While Boras is not about to give up even the tiniest bit of leverage in these public conversations, it doesn’t seem as though the Cubs really have any sort of advantage here. That tracks with what we heard from Jed Hoyer at the end of the season, especially if the bidding for Bellinger is driven beyond the $150 million range. As noted here in the past, there are some concerns about how well his offensive production will age given his anemic batted-ball data.
At the same time, Bellinger’s success against left-handed pitchers and in two-strike counts means he should remain an above-average hitter even if the power drops off. But is that the kind of player you want to make your primary target in free agency? If the Cubs are going to bite the bullet on a massive contract, they may just want to go all the way and see about signing Shohei Ohtani.
Though he’s not a Boras client and thus was not included among the scripted dad jokes, Bob Nightengale reported Tuesday that “several GMs [are] saying that the Cubs may be the most aggressive team for his services.” Skepticism abounds due to the team’s stated aversion to deals stretching beyond 5-6 years and Ohtani’s presumed geographical preference, but there is logic to support a serious pursuit.
More realistic targets are plentify via both free agency and trade, so Jed Hoyer is going to be having conversations about several players who are currently under contract with other teams. Whether or not all his big dick energy from the Craig Counsell deal will be off-putting to other teams is an open question, but it’s reasonable to believe at least one potential trade partner will be treading lightly.
Even with new leadership in place on the baseball ops side, the Mets may still be a little scared of the Cubs. They could also be more than a little spiteful after Hoyer signed their preferred manager and retained Dan Kantrovitz, who the Mets were reportedly eyeing for their front office. Emotion shouldn’t rule decisions, but that doesn’t mean pragmatism always wins out.

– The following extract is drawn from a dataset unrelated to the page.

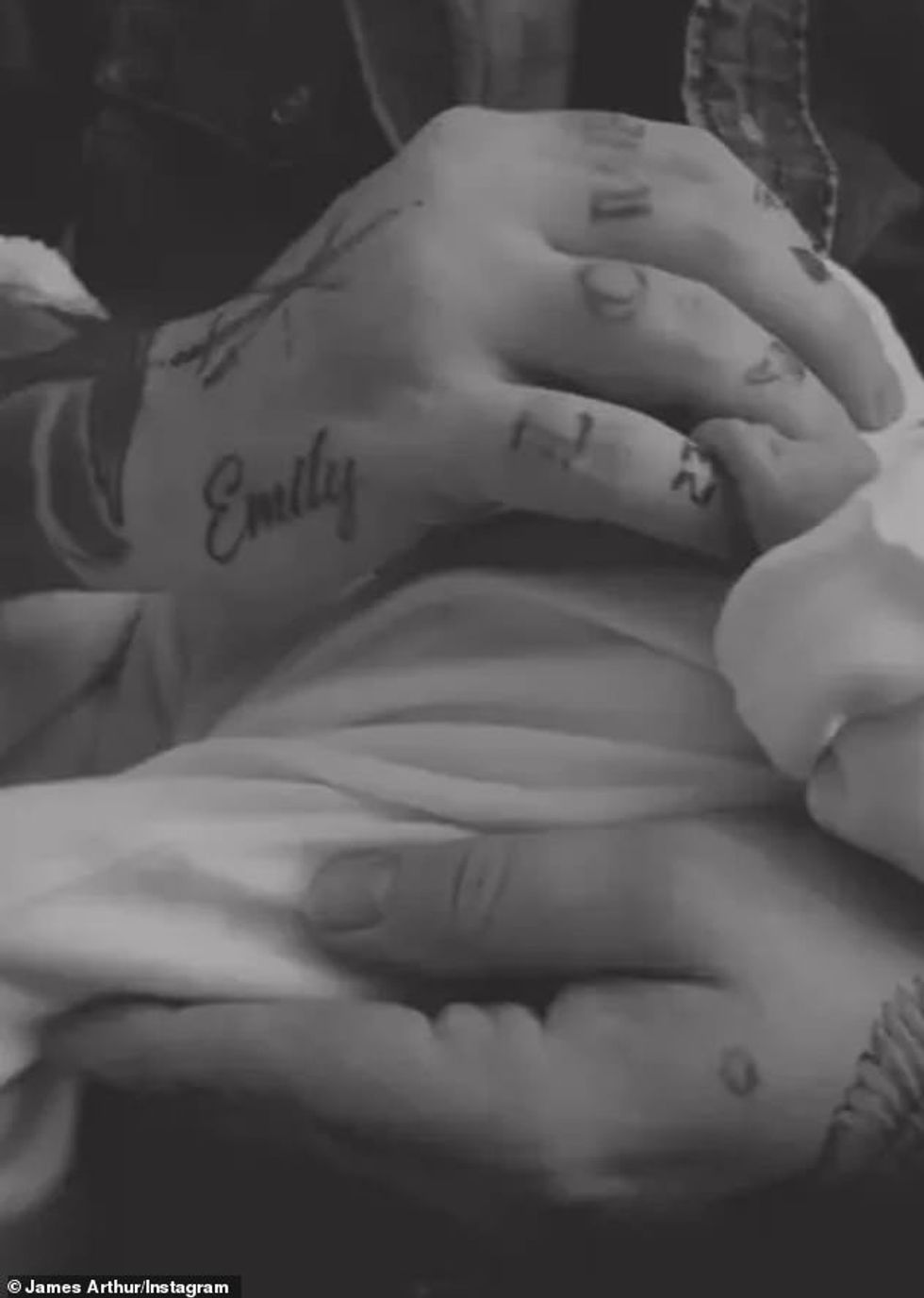 64697443 11444565 Surprise James Arthur shocked fans on Friday when he revealed he m 8 1668788625290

Pete Alonso has been the subject of rumors regarding a potential trade fit with the Cubs, and the whispers could get louder if the Mets aren’t able to extend their slugger. David Stearns was clear in his introductory press conference that keeping Alonso beyond this year is a priority, so pay attention to what happens there.

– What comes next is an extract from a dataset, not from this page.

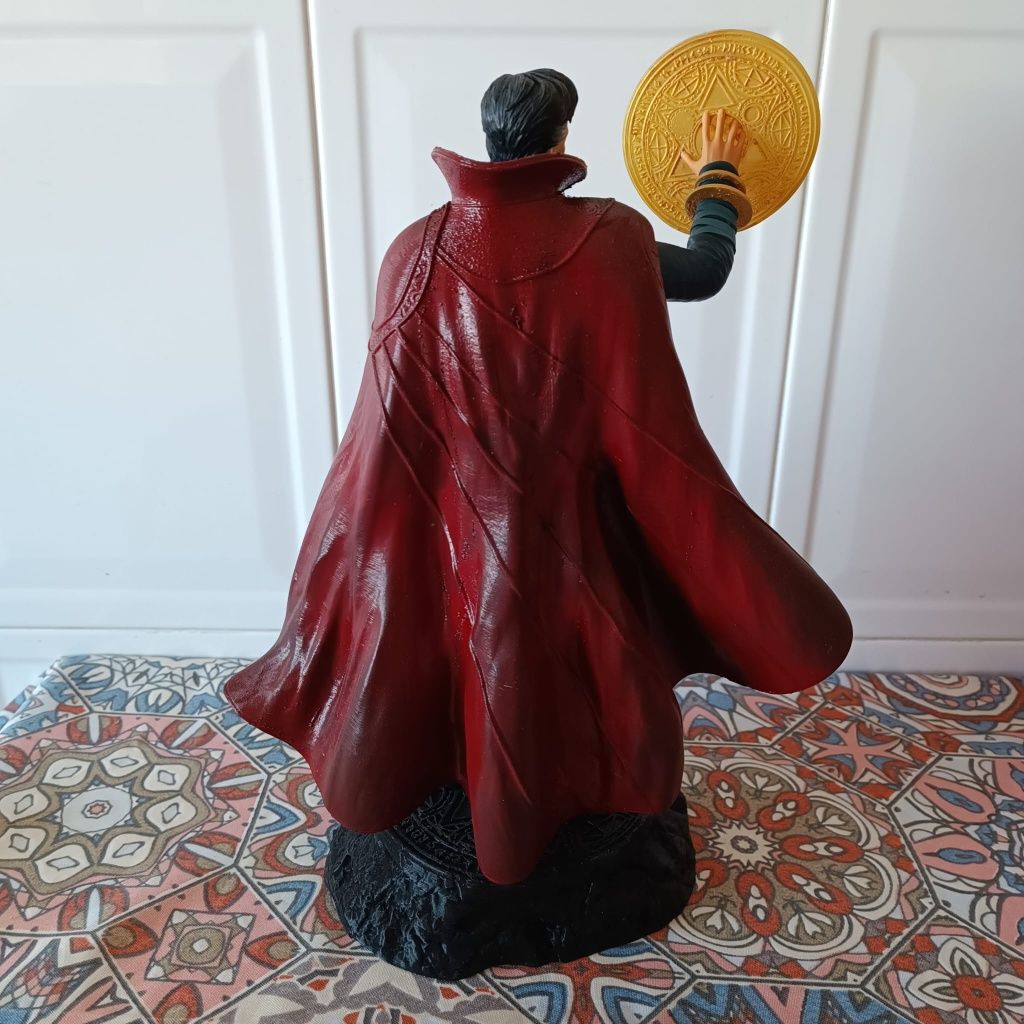 Escultura Dr. Strange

“When it comes to the Polar Bear, we’re not in contract hibernation,” Boras said.
Then we turn to Juan Soto, who looked like such a sure thing to be traded that the Padres had to start floating reports that they planned to hold onto him until the deadline next summer. Those came curiously soon after a report that the team had secured a $50 million loan to help cover payroll, and that was with Soto earning much less than he will in his final year of arbitration.
The Cubs are expected to be involved in any potential negotiations for the lefty-batting slugger with impeccable plate approach, even with the near certainty that he won’t ink an extension. Between his projected $30+ million salary, the limited control, and San Diego’s need to cut costs, it shouldn’t take a huge prospect haul to acquire him.

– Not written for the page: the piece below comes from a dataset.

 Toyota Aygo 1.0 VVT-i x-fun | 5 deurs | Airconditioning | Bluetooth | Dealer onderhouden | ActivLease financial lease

Not wanting to burn any bridges by worsening the Padres’ unenviable bargaining position, Boras leaned into the idea that a trade is anything but fait accompli.
“Met with the Padres, they laid out their plan for next year, which obviously included a lineup that definitely includes Juan Soto,” the agent said with as much sincerity as he could muster. “He’s their one .900 OPS player, and they’re looking for more left-handed bats rather than less.”
Though there’s really nothing to take away from this other than pure cornball entertainment from the quotes, I have always viewed Scott Boras Day as the unofficial start of the offseason. I mean, the guy wields so much power in free agency every year that he can effectively direct the flow of the winter at his whim. Perhaps that’s a little melodramatic, and I know it irks a lot of folks, but how Boras conducts business really does dictate a lot of what we’ll see even with players he doesn’t represent.